We had a drawer full of paper tape rolls in zip-lock bags containing the
various pictures we had collected over the air. I wish I had somehow
transferred them to computer files and preserved them as we were transitioning
away from the mechanical teletypes to the Apple II.

1:
[https://en.wikipedia.org/wiki/Baudot_code](https://en.wikipedia.org/wiki/Baudot_code)

------
stultus
I think it is time for more unicode art.

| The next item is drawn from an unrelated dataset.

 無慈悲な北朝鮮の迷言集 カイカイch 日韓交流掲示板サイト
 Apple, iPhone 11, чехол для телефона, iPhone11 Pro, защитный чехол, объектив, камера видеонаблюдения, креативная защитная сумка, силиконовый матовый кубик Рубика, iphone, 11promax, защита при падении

ASCII is so old generation.

------
drdeadringer
Although I'm sure I encountered ASCII art years beforehand, my first time
encountering it "in the media" was watching the film "Me and You and Everyone
We Know" in theater.

Since then I've enjoyed the ASCII art I've encountered, from "hype trains" to
"thumbs up". I find it fun to see.

------
upofadown
>ASCII pictures don’t display correctly when the viewer is using proportional
fonts — and a huge number of people (perhaps most) are using proportional
fonts.

These days things are actually pretty good. Most things will manage to display
plain text properly if there is enough context to allow the distinction to be
made.

------
earenndil
It's not dead, but it's dying. For instance, the alt.ascii-art newsgroup I've
noticed just in the past year has gone down in terms of postings.

------
gweinberg
Why do people say "ASCII art" instead of text art? It has never had anything
to do with ASCII, as the author acknowledges several times.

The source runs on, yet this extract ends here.